Step 3: Create a lakehouse in the restricted workspace

Create a lakehouse in the target (restricted) workspace by using the following Create Lakehouse API:

POST https://{workspaceFQDN}/v1/workspaces/{workspaceID}/lakehouses

In that code, {workspaceFQDN} is {workspaceID}.z{xy}.w.api.fabric.microsoft.com.

For example: POST https://aaaaaaaa000011112222bbbbbbbbbbbb.zaa.w.api.fabric.microsoft.com/v1/workspaces/aaaaaaaa-0000-1111-2222-bbbbbbbbbbbb/lakehouses.

Screenshot that shows creating a lakehouse in a target workspace.

Step 4: Upload a Delta Lake table to the lakehouse

Use Azure Storage Explorer to upload the folder for your Delta Lake table into the restricted lakehouse's managed storage:

  1. Go to Storage Explorer, select the connection icon on the left menu, and then select ADLS Gen2 container or directory.

  2. Sign in by using OAuth.

  3. Enter a display name for the storage, and enter the blob container URL in the following format:

    https://{workspaceFQDN}/{workspaceID}/{lakehouseID}

    In that code, {workspaceFQDN} is {workspaceID}.z{xy}.onelake.fabric.microsoft.com.
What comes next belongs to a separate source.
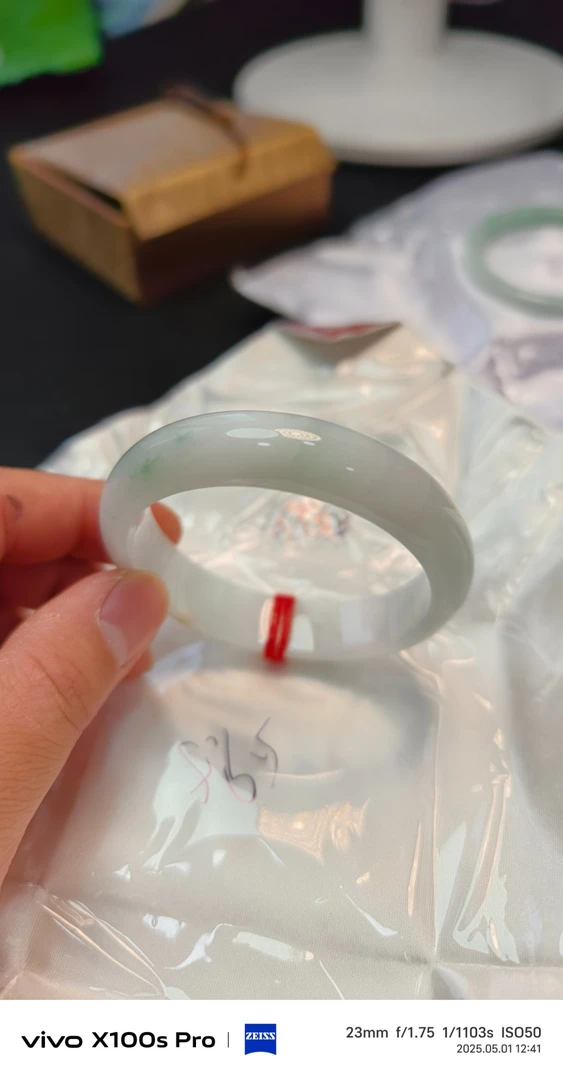 缅甸天然A货翡翠糯化底飘绿花正圈手镯59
    For example: POST https://aaaaaaaa000011112222bbbbbbbbbbbb.zaa.w.api.fabric.microsoft.com/v1/workspaces/aaaaaaaa-0000-1111-2222-bbbbbbbbbbbb/bbbbbbbb-1111-2222-3333-cccccccccccc.

    Screenshot that shows entering connection information.
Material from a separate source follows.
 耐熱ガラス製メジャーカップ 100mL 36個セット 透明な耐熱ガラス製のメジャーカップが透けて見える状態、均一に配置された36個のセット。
  4. Select Connect. The storage should now appear in the explorer view.

  5. Under the Tables folder, upload the Delta Lake table that you want to use. This example uses the customers table.

    Screenshot that shows the option to upload a folder.
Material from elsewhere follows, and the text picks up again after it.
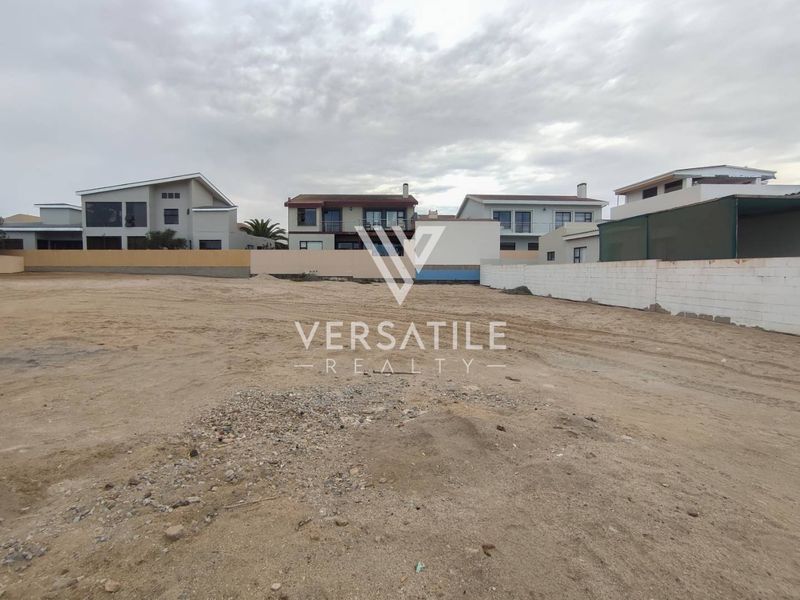 Vacant Land for Sale – 586m2 with Partial Sea View - Photo 3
Step 5: Create a notebook in the source workspace

Create a notebook and connect it to the restricted lakehouse as follows:

  1. In the source workspace, go to Notebooks.

  2. Select + New Notebook. 

  3. Select Spark runtime. 

  4. Connect to the target workspace on the Explorer pane.

  5. Paste the following code:

    from pyspark.sql import SparkSession
    # Read Delta Lake table from the restricted lakehouse by using the workspace DNS-based ABFSS URI
    df = spark.read.format("delta").load(
       "abfss://{WorkspaceID}@{WorkspaceFQDN}/{LakehouseID}/Tables/customers"
    )
    

    Make sure that:

    • The path for the Azure Blob File System (ABFSS) driver matches your lakehouse's DNS and table location.
    • Network access between the open and restricted workspaces is correctly established via the private endpoint.
  6. Run the notebook. If you set up the private endpoint and permissions correctly, the notebook connects and displays the contents of the Delta Lake table from the restricted lakehouse.